BRIEF.
Leaving out all pictures, retype the records exactly.

DATA.
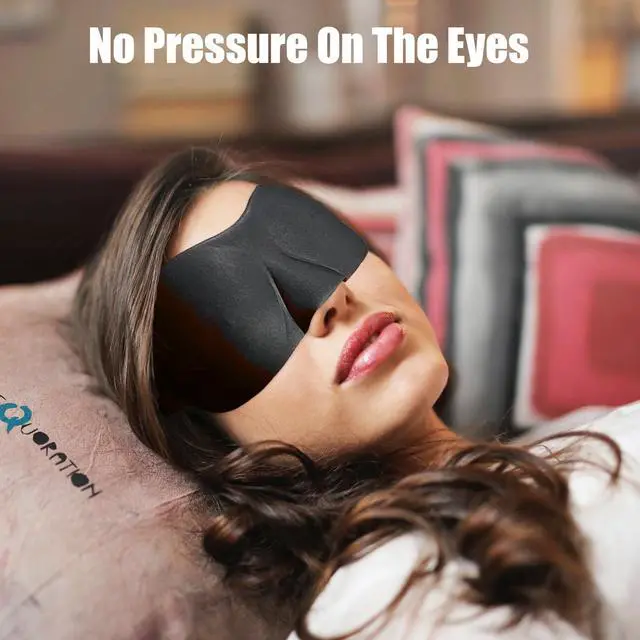 Alt view image 2 of 6 - Sleep Mask Pack of 3, 100% Block Out Light, 3D Eye Masks for Sleeping, Night Blindfold for Men Women, Back and Side Sleeper, Ultralight Travel Eye Cover Multi-Colored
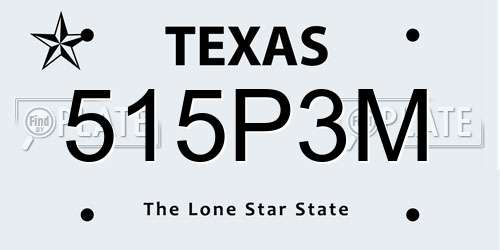 515P3M Texas License Plate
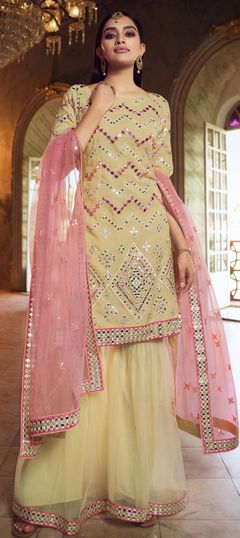 Beige and Brown color Salwar Kameez in Organza Silk fabric with Mirror, Thread work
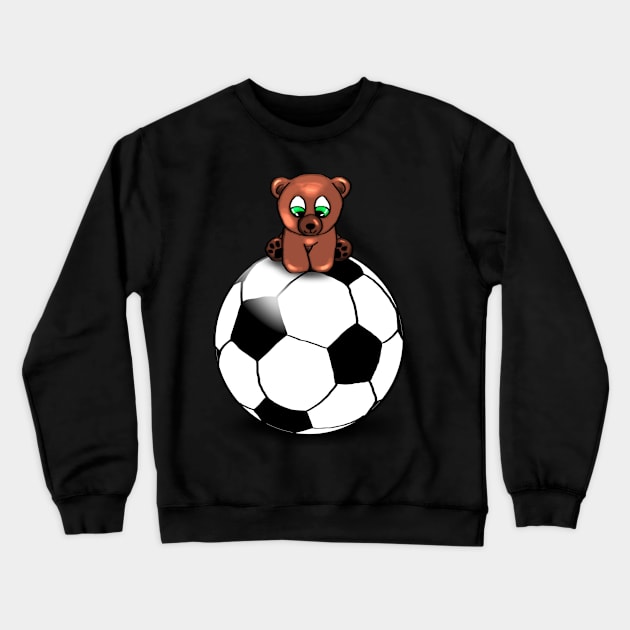 Little Cute Bear sitting on a football/ soccer Crewneck Sweatshirt by emyzingdesignz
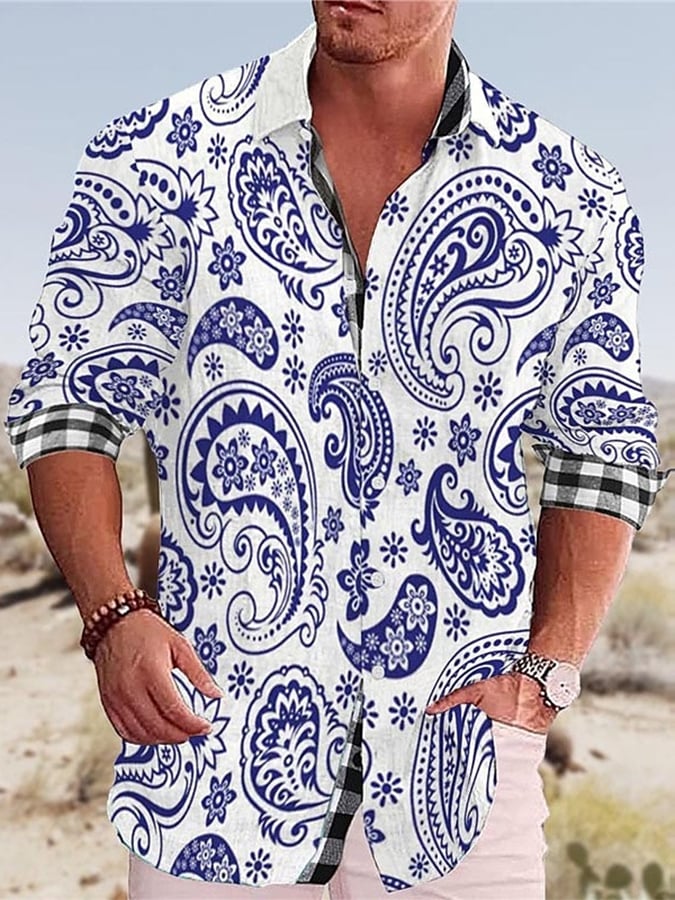 Camisa Lapel Collar Contrast de moda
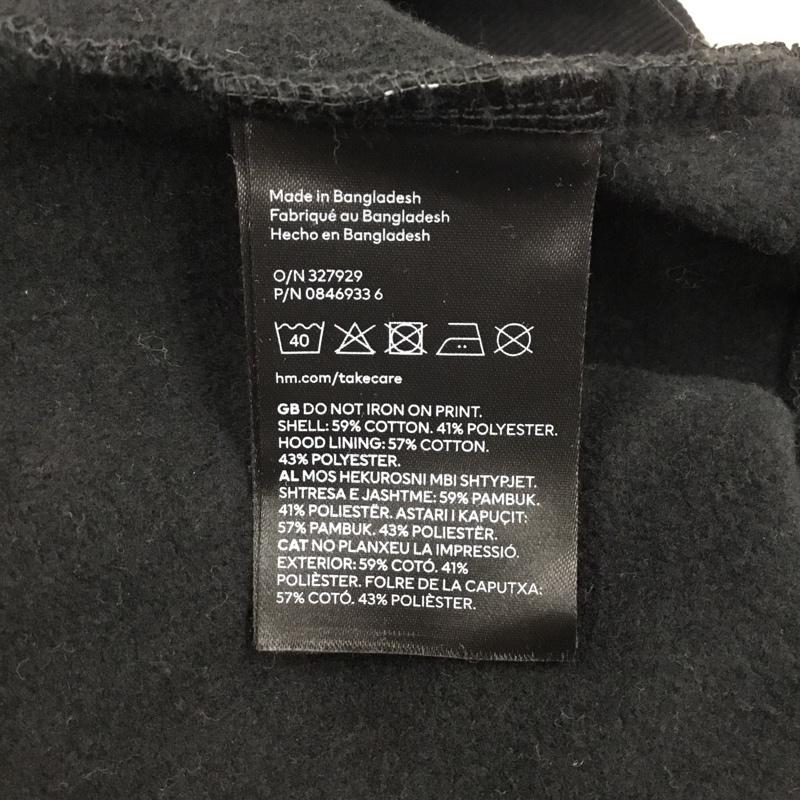 ヘンネスアンドモーリッツ H&M パーカー 長袖 長袖パーカー フード付きパーカー プリントスウェット トレーナー L プリント 黒 / ブラック / メンズ USED 古着 中古 10122335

RESULT.
 Alt view image 2 of 6 - Sleep Mask Pack of 3, 100% Block Out Light, 3D Eye Masks for Sleeping, Night Blindfold for Men Women, Back and Side Sleeper, Ultralight Travel Eye Cover Multi-Colored
 515P3M Texas License Plate
 Beige and Brown color Salwar Kameez in Organza Silk fabric with Mirror, Thread work
 Little Cute Bear sitting on a football/ soccer Crewneck Sweatshirt by emyzingdesignz
 Camisa Lapel Collar Contrast de moda
 ヘンネスアンドモーリッツ H&M パーカー 長袖 長袖パーカー フード付きパーカー プリントスウェット トレーナー L プリント 黒 / ブラック / メンズ USED 古着 中古 10122335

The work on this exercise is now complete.